Legal and Factual Sufficiency of the Evidence

In his third, fourth, fifth, and sixth issues, appellant claims the evidence is legally and factually insufficient to support his conviction. Appellant argues the State failed to present sufficient evidence to prove appellant shot Smith and that Smith’s fetus was alive at the time of Smith’s murder. We disagree.

When reviewing challenges to the legal sufficiency of the evidence, we apply well-established standards. See Jackson v. Virginia, 443 U.S. 307, 319, 99 S.Ct. 2781, 61 L.Ed.2d 560 (1979); Garcia v. State, 57 S.W.3d 436, 441 (Tex.Crim.App. 2001). The standard is the same for both direct and circumstantial evidence cases. Kutzner v. State, 994 S.W.2d 180, 184 (Tex. Crim.App.1999). We view the evidence in the light most favorable to the verdict and determine whether any rational trier of fact could have found the elements of the offense beyond a reasonable doubt. Vodochodsky v. State, 158 S.W.3d 502, 509 (Tex. Crim.App.2005); Escamilla v. State, 143 S.W.3d 814, 817 (Tex.Crim.App.2004), cert. denied, 544 U.S. 950, 125 S.Ct. 1697, 161 L.Ed.2d 528 (2005); Simmons v. State, 109 S.W.3d 469, 472 (Tex.Crim.App.2003). The jury, as sole judge of the witnesses’ credibility and the weight to be given their testimony, is free to accept or reject any or all of the evidence presented by either side. See Margraves v. State, 34 S.W.3d 912, 919 (Tex.Crim.App.2000); Wesbrook v. State, 29 S.W.3d 103, 111 (Tex.Crim.App. 2000). In circumstantial evidence cases such as this one, it is unnecessary for every fact to point directly and independently to appellant’s guilt; it is enough if the conclusion is warranted by the combined and cumulative force of all the incriminating circumstances. See Johnson v. State, 871 S.W.2d 183, 186 (Tex.Crim. App.1993) (citing Russell v. State, 665 S.W.2d 771, 776 (Tex.Crim.App.1983)). Circumstantial evidence, by itself, may be enough to support the jury’s verdict. See Smith v. State, 965 S.W.2d 509, 515-16 (Tex.Crim.App.1998).

In a factual sufficiency review, we view all of the evidence in a neutral light and ask whether a jury was rationally justified in finding guilt beyond a reasonable doubt. See Watson v. State, 204 S.W.3d 404, 415 (Tex.Crim.App.2006).

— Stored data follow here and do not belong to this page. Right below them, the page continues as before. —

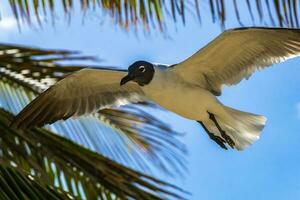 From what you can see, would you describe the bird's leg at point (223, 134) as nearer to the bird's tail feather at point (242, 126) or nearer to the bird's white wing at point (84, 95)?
the bird's tail feather at point (242, 126)

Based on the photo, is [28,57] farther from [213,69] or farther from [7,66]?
[213,69]

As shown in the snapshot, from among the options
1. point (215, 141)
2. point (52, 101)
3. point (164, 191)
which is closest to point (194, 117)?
point (215, 141)

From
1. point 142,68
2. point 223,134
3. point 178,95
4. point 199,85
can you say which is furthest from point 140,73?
point 223,134

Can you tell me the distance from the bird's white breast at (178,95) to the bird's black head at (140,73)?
3cm

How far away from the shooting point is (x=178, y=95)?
3.13 m

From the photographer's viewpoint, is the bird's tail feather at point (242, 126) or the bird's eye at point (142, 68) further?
the bird's tail feather at point (242, 126)

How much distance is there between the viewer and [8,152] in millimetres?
2988

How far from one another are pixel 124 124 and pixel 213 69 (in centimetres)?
58

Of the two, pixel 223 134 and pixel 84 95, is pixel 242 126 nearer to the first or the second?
pixel 223 134

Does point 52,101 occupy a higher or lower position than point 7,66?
lower

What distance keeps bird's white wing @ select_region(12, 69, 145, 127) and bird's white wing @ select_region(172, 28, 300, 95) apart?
35 cm

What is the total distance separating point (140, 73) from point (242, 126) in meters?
0.57

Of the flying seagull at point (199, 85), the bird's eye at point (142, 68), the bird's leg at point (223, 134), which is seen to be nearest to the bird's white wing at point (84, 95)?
the flying seagull at point (199, 85)

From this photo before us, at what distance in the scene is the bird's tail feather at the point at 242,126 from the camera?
130 inches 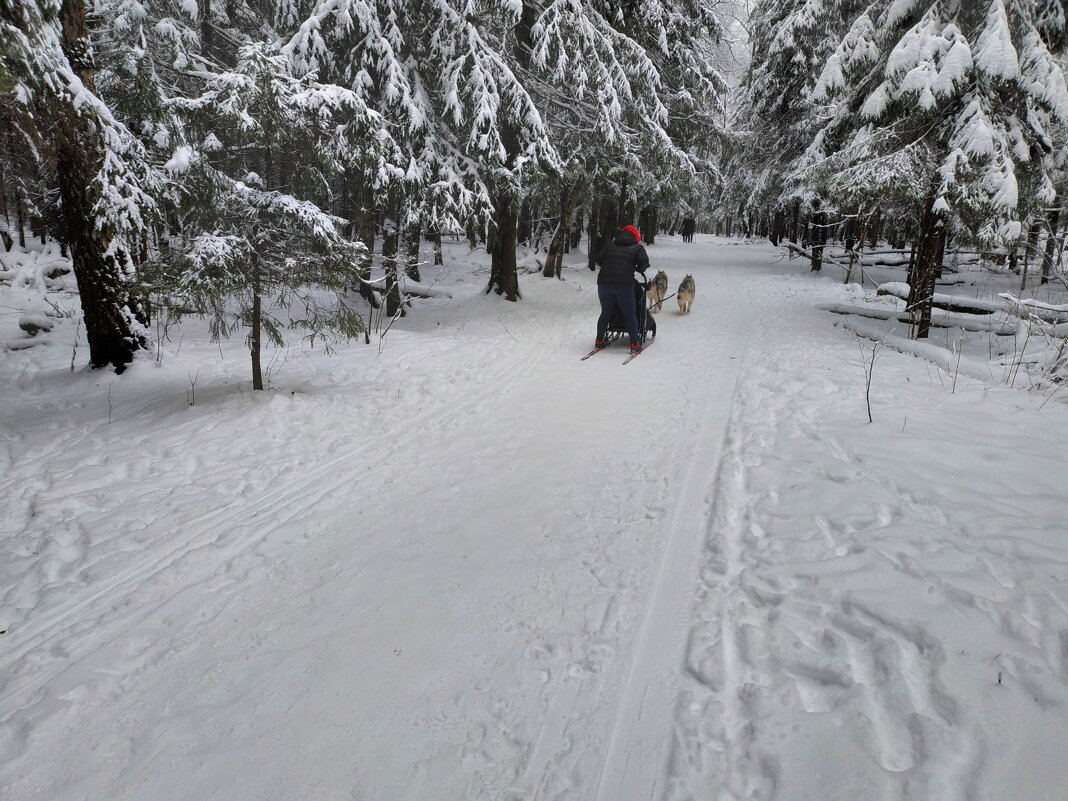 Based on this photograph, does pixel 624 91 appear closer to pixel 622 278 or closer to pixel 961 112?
pixel 622 278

To reverse a case on a factual sufficiency challenge, we must be able to say, with some objective basis in the record, that the great weight and preponderance of evidence contradicts the jury’s verdict. Watson, 204 S.W.3d at 417. We cannot conclude a conviction is “clearly wrong” or “manifestly unjust” simply because we would have voted to acquit. Watson, 204 S.W.3d at 417. In examining a factual sufficiency challenge, although the reviewing court is permitted “to substitute its judgment for the jury’s” when considering credibility and weight determinations, it may do so only ‘to a very limited degree.’ ” Marshall v. State, 2006 WL 3733198, *5 (Tex.Crim.App. Dec.20, 2006) (citing Watson, 204 S.W.3d at 417).

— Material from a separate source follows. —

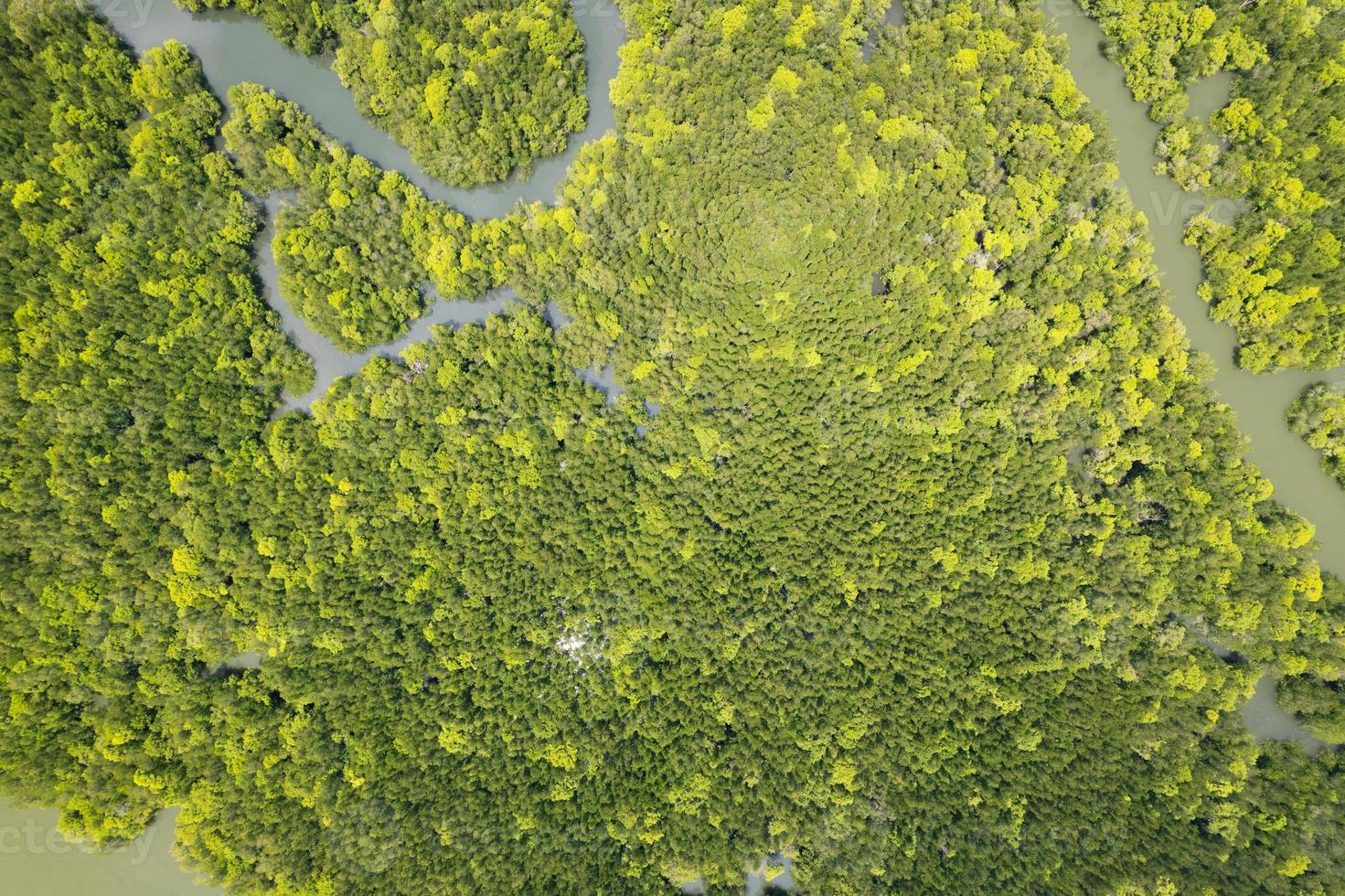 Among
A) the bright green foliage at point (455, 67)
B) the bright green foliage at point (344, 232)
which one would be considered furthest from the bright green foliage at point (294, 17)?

A person commits capital murder if he intentionally or knowingly causes the death of an individual and he murders more than one person during the same criminal transaction. Tex. Pen.Code Ann. §§ 19.02(b)(1), 19.03(a)(7)(A) (Vernon 2003 & Supp.2006). A “person” includes “an individual.” Tex. Pen.Code Ann. § 1.07(a)(38) (Vernon Supp.2006). An “individual” is “a human being who is alive, including an unborn child at every stage of gestation from fertilization until birth.” Tex. Pen.Code Ann. § 1.07(a)(26) (Vernon Supp.2006).

*886 At trial, Detective John Davison testified that, around 7:00 a.m. on Thursday, September 9, 2004, he was called to the 3700 block of Boulder Street in Dallas to investigate a murder. The victim, identified as Smith, was lying in the Sprague Swimming Pool parking lot of Kimball High School. She had been shot three times with a shotgun. No weapon was discovered at the scene, but two spent shotgun shell casings were found as was Smith’s cell phone. The police received information that appellant was dating Smith and another woman named Courtney Anderson at the time of Smith’s death. Appellant also had a friend named Kenneth Moore who lived near the scene of the crime. Acting on this information, Detective Davison interviewed Anderson and Moore.

Detective Davison testified Anderson gave a written statement. Anderson confirmed that she and appellant were boyfriend and girlfriend and that appellant had been seeing Smith as well. According to Anderson, Smith called Anderson’s house, wanting to talk to appellant and to tell him she was pregnant. When Anderson told appellant Smith had called, he said “he was going to take care of the problem.” Anderson asked appellant what he meant by that, and he said if she did not know, she did not need to worry about it. Anderson told Detective Davison appellant was with her on the night of September 8th, the night before Smith’s body was discovered, until he left around midnight, and he called her about two hours after he left her house.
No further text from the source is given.